Six Lines

Federal Cloud Computing Security Requirements

Posted by Aaron Massey on 04 Nov 2010.

This could be rather big news for cloud computing and federal agencies:

The Obama administration on Tuesday proposed a common set of security requirements for cloud computing that all federal agencies and contractors could share. The move is intended to expedite the transition to universal Web-based services by eliminating the need for agencies to assess and authorize every information technology product. During the next decade, the White House wants agencies to shift their IT operations to the cloud — the collective term for software, servers and file storage that users access online on a subscription basis — instead of managing and owning individual, in-house infrastructures.

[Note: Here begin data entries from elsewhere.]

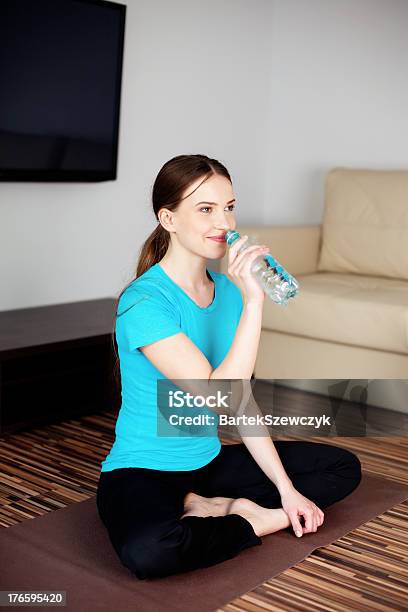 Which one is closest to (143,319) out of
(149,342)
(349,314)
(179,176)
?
(149,342)

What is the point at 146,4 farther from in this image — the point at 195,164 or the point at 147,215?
the point at 195,164

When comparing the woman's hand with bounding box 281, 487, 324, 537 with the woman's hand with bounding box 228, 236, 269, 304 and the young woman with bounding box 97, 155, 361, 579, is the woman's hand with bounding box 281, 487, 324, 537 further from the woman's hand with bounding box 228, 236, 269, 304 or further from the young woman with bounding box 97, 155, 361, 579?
the woman's hand with bounding box 228, 236, 269, 304

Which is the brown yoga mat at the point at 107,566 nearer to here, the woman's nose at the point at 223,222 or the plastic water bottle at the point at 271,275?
the plastic water bottle at the point at 271,275

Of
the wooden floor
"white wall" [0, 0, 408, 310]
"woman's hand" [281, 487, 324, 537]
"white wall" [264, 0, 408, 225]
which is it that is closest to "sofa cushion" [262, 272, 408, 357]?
the wooden floor

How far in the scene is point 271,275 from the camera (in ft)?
6.20

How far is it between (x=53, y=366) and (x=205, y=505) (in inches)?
47.9

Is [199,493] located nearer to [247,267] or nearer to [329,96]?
[247,267]

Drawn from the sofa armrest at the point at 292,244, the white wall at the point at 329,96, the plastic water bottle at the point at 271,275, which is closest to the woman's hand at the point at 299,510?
the plastic water bottle at the point at 271,275

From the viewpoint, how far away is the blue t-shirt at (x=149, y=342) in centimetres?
189

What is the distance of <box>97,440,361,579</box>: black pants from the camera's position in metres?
1.82

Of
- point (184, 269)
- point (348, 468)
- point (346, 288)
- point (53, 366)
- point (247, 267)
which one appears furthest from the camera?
point (346, 288)

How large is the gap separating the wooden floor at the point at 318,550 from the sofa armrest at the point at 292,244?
2.22 feet

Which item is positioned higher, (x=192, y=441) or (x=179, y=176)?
(x=179, y=176)

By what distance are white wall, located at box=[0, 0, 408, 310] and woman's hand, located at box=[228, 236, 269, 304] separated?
5.62 feet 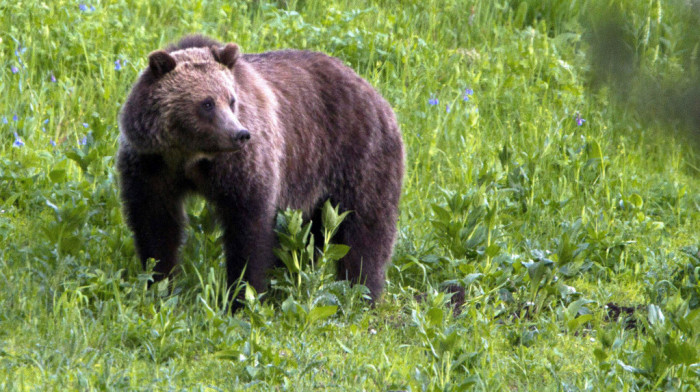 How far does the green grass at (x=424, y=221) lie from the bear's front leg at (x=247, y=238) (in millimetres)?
222

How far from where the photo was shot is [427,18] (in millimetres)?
8648

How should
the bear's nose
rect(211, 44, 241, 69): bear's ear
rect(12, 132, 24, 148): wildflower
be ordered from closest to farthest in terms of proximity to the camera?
the bear's nose, rect(211, 44, 241, 69): bear's ear, rect(12, 132, 24, 148): wildflower

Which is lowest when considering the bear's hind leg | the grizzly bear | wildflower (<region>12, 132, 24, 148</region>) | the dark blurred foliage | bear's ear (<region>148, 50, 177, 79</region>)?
the bear's hind leg

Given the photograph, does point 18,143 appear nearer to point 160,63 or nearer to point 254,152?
point 160,63

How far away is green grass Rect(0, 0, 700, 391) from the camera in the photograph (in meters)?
3.53

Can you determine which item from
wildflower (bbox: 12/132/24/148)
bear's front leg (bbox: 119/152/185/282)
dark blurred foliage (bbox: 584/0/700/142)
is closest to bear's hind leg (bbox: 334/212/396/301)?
bear's front leg (bbox: 119/152/185/282)

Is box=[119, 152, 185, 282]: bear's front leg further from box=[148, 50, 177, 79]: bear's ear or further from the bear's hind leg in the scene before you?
the bear's hind leg

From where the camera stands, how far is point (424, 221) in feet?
19.5

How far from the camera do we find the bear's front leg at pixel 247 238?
14.8 ft

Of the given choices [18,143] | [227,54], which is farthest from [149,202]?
[18,143]

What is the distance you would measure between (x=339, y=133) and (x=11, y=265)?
1926mm

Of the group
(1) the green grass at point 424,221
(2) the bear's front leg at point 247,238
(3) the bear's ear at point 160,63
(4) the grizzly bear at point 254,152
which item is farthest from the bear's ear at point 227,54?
(1) the green grass at point 424,221

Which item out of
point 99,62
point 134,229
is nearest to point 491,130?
point 99,62

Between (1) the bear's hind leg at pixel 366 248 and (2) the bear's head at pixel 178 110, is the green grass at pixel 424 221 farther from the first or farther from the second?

The Obama administration has some personal experience with the pain of authorizing IT products for official government use. If you remember their campaign, they were widely regarded as being tech-savvy and taking a fast-paced approach to using the latest and greatest to get the job done. Then they got to the White House, and they were told they had to trade their MacBooks for desktop PCs running Windows XP. (Not to mention Obama’s well-publicized Blackberry addiction.) Suffice it to say that there was some difficulty accepting that they had to use particular equipment for security reasons.

The proposal includes two basic changes. First, it changes the current authorization process so that a product only has to be authorized once for government use. Previously, each agency had to authorize products separately. There’s something to be said for avoiding this kind of single point of failure, but it’s possible that other agencies were already using the same infrastructure to make the authorization process easier. In short, a single authorization process is a different set of security tradeoffs, not an unambiguously better approach to security.

Second, the proposal includes provisions to make “all of the security requirements, processes, and templates” publicly available. This is an almost entirely good sentiment. Security depends very heavily, but not exclusively, on avoiding the use of obscurity as a security measure and encouraging heavy scrutinization of security practices. Of course, good sentiments can quickly become “the best intentions” with no real follow-through.